Un mois plus tard, l'historien nationaliste russe Mikhaïl Smolin revendiqué que la nation ouzbèke n’existait pas avant la révolution de 1917, pas plus que les nations kazakhe ou azerbaïdjanaise. En réponse, Qodirov a appelé à réduire l'utilisation de la langue russe dans l'éducation, les médias et d'autres domaines.
« Ces derniers temps, nous n'entendons que des déclarations chauvines en Russie », a-t-il déclaré. a déclarésuggérant que Moscou semble intéressée par ce genre de rhétorique. Comme mesure pratique pour améliorer la situation, il a appelé l'attention sur l'utilisation disproportionnée de la langue russe dans l'éducation et les médias, notant que seulement 3 pour cent de la population ouzbèke est russe.
L'Ouzbékistan abrite plus de 130 ethnies et nationalités. Aucun recensement national n'a été effectué depuis 1989 ; cependant, officiel estimations déclarent que 84,4 pour cent de la population est d’origine ouzbèke, tandis que seulement 2,1 pour cent sont russes. Malgré cela, la langue russe est enseignée dans les écoles publiques dans le cadre de l’enseignement secondaire obligatoire. La branche de Tachkent de Rossotrudnichestvo (l'Agence fédérale russe pour les affaires de la Communauté des États indépendants, les compatriotes vivant à l'étranger et la coopération humanitaire internationale) revendiqué qu'un tiers de la population ouzbèke parle russe, mais il s'agit peut-être d'une surestimation. Beaucoup de gens peuvent comprendre le russe, mais ce n’est pas la même chose que de le parler couramment ou de le préférer.
Qodirov plus tard clarifié qu'il n'est pas un russophobe, mais plutôt un « sovietaphobe » : « Il est vrai que l'État soviétique est notre histoire, mais il doit rester dans les pages noires de notre histoire et ne doit pas faire partie de notre avenir. »
Début septembre, Qodirov a appelé à l’interdiction de la promotion de la propagande, de l’idéologie et des symboles de l’ère soviétique.
« Le peuple ouzbek a été discriminé et humilié par l'administration soviétique et continue de panser les blessures de cette période », a déclaré Qodirov. a écritarguant que toute approbation ou glorification de l’ère soviétique ne doit pas être criminalisée, mais considérée comme « une trahison de notre peuple et de nos ancêtres qui sont devenus victimes du régime sanglant ».
Ses remarques sont venues en réponse à un sentence récente du tribunal un homme de 74 ans à trois ans de liberté restreinte pour un article sur Telegram dans lequel il affirmait que « l'indépendance de l'Ouzbékistan est superficielle et que l'ex-Union soviétique n'est pas officiellement dissoute ».
Les hommes politiques ouzbeks font rarement des remarques audacieuses, notamment à l’égard de la Russie, où des millions de migrants travaillent et envoient de l’argent et avec laquelle l’Ouzbékistan entretient des relations étroites.
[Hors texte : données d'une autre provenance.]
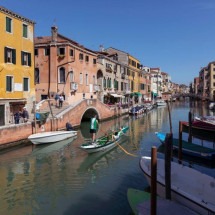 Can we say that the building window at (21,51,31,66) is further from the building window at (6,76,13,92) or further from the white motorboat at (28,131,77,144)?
the white motorboat at (28,131,77,144)

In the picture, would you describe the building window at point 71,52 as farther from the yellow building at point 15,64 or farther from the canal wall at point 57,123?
the yellow building at point 15,64

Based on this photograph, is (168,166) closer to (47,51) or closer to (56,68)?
(56,68)

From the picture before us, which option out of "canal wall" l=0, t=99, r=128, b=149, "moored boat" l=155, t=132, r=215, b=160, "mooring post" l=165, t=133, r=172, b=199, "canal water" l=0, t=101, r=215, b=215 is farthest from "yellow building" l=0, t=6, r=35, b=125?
"mooring post" l=165, t=133, r=172, b=199

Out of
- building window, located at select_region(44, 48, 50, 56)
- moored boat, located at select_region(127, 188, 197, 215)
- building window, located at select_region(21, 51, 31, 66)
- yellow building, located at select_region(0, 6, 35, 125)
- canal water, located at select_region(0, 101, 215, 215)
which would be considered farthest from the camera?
building window, located at select_region(44, 48, 50, 56)

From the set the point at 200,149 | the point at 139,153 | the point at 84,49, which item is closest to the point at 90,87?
the point at 84,49

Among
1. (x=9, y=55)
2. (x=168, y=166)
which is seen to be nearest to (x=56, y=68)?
(x=9, y=55)

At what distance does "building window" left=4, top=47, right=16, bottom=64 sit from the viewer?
2150 centimetres

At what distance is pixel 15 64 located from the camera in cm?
2241

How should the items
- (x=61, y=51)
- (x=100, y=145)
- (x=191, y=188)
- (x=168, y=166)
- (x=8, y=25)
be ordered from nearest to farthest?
1. (x=168, y=166)
2. (x=191, y=188)
3. (x=100, y=145)
4. (x=8, y=25)
5. (x=61, y=51)

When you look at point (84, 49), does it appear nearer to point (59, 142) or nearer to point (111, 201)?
point (59, 142)

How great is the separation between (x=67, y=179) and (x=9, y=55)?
12771 millimetres

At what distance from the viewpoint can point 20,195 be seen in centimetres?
1052

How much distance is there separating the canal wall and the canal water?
2.83 feet

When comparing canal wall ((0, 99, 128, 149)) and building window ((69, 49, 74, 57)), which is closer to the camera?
canal wall ((0, 99, 128, 149)) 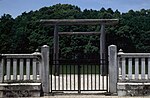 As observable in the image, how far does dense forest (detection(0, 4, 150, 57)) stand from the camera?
41344 mm

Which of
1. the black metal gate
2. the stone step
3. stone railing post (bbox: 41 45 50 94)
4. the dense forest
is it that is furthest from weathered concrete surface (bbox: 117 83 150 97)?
the dense forest

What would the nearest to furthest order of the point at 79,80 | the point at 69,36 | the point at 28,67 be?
the point at 28,67 < the point at 79,80 < the point at 69,36

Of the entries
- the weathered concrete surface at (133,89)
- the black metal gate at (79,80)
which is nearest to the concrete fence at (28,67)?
the black metal gate at (79,80)

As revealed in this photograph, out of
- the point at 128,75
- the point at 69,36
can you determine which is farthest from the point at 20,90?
the point at 69,36

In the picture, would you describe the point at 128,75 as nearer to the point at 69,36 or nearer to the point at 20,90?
the point at 20,90

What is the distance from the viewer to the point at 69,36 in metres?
41.2

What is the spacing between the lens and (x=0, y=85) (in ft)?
38.4

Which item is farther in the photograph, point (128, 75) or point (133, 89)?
point (128, 75)

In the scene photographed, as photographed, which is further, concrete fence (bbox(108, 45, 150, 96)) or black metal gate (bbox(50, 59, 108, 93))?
black metal gate (bbox(50, 59, 108, 93))

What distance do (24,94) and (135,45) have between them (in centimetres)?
3413

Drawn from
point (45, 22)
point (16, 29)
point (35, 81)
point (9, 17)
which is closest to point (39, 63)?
point (35, 81)

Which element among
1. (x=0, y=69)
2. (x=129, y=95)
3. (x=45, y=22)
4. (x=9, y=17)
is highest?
(x=9, y=17)

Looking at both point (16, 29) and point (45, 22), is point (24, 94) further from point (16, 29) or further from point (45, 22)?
point (16, 29)

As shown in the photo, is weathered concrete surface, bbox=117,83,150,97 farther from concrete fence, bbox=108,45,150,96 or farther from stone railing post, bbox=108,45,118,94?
stone railing post, bbox=108,45,118,94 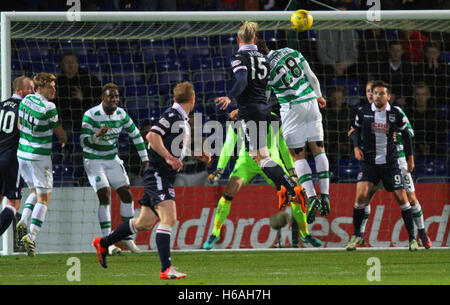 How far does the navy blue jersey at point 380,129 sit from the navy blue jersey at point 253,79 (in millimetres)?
2411

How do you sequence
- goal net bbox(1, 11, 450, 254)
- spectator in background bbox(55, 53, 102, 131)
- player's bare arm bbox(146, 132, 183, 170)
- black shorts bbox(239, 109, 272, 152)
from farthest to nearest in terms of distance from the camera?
spectator in background bbox(55, 53, 102, 131) < goal net bbox(1, 11, 450, 254) < black shorts bbox(239, 109, 272, 152) < player's bare arm bbox(146, 132, 183, 170)

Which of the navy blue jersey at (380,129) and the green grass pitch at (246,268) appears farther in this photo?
the navy blue jersey at (380,129)

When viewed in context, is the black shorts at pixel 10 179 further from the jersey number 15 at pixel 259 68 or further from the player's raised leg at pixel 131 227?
the jersey number 15 at pixel 259 68

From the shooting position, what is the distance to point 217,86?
46.2 feet

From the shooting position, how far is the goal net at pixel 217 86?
12.3 m

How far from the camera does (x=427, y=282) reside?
7652 mm

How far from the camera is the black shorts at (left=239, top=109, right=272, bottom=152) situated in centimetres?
952

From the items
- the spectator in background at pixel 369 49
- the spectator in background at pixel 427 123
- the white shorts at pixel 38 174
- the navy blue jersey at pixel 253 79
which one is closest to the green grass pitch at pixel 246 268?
the white shorts at pixel 38 174

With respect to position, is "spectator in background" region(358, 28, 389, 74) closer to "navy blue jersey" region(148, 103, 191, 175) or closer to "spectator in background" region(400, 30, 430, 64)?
"spectator in background" region(400, 30, 430, 64)

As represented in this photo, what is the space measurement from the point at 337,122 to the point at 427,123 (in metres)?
1.47

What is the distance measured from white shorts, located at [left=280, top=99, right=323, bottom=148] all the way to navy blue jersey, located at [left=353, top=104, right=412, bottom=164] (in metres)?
1.67

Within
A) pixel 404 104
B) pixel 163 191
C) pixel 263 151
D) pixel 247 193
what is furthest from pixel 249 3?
pixel 163 191

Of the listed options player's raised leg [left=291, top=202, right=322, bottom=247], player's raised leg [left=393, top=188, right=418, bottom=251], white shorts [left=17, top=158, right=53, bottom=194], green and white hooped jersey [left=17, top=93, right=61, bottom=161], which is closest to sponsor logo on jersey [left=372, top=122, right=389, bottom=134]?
player's raised leg [left=393, top=188, right=418, bottom=251] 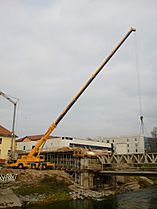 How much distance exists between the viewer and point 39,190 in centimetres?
3559

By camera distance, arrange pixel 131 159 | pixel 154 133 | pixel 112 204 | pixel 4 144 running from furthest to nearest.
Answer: pixel 154 133 → pixel 4 144 → pixel 131 159 → pixel 112 204

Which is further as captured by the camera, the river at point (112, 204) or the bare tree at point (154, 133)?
the bare tree at point (154, 133)

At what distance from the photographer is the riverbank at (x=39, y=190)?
104ft

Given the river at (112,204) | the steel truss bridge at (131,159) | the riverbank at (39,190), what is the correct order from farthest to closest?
the steel truss bridge at (131,159)
the river at (112,204)
the riverbank at (39,190)

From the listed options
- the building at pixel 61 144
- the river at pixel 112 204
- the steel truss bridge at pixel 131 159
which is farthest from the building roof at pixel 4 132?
the river at pixel 112 204

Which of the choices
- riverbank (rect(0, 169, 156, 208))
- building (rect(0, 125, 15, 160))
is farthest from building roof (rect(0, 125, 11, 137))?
riverbank (rect(0, 169, 156, 208))

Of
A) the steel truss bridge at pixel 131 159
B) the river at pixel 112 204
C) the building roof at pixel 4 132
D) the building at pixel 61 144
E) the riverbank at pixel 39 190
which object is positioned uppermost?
the building roof at pixel 4 132

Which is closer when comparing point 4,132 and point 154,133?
point 4,132

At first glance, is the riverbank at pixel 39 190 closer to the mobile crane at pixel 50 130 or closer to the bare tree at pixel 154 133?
the mobile crane at pixel 50 130

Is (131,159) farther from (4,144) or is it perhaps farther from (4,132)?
(4,132)

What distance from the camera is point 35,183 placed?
37.2 meters

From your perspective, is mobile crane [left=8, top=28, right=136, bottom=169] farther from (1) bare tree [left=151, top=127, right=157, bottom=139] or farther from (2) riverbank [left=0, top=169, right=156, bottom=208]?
(1) bare tree [left=151, top=127, right=157, bottom=139]

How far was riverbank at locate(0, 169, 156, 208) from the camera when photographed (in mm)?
31734

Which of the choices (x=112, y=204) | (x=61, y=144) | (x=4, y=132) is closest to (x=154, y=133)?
(x=61, y=144) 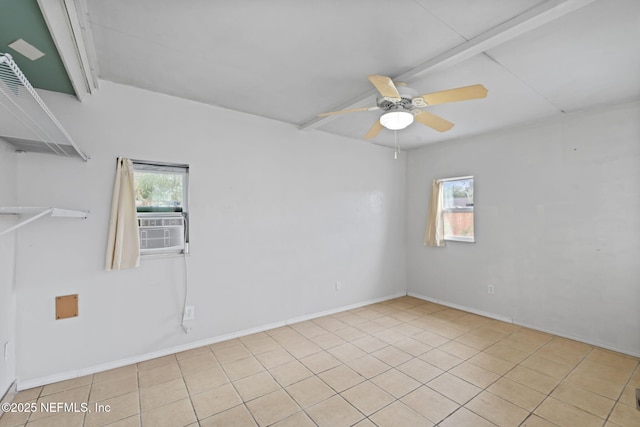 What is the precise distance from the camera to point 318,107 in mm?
3062

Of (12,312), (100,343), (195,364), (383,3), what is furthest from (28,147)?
(383,3)

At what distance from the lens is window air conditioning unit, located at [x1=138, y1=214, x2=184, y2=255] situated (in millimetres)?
2730

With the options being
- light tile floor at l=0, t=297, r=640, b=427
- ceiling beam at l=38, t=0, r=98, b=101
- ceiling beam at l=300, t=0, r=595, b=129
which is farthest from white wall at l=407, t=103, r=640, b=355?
ceiling beam at l=38, t=0, r=98, b=101

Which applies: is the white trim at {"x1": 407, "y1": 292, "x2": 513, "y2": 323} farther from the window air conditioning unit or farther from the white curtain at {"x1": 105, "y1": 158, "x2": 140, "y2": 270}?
the white curtain at {"x1": 105, "y1": 158, "x2": 140, "y2": 270}

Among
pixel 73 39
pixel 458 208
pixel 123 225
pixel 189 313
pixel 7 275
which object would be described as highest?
pixel 73 39

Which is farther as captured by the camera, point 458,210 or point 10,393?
point 458,210

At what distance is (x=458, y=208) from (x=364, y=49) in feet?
10.3

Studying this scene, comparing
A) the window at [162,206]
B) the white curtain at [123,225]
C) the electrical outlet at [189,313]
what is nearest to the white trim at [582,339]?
the electrical outlet at [189,313]

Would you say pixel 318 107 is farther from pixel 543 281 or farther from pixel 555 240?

Le simple fait que le gouvernement ouzbek permette à un homme politique de parler librement de la Russie devrait envoyer à Moscou le signal que Tachkent ne tolérera pas, ni même n'acceptera, les affirmations chauvines absurdes des propagandistes russes, même si Moscou insiste ces voix ne reflètent pas sa position officielle.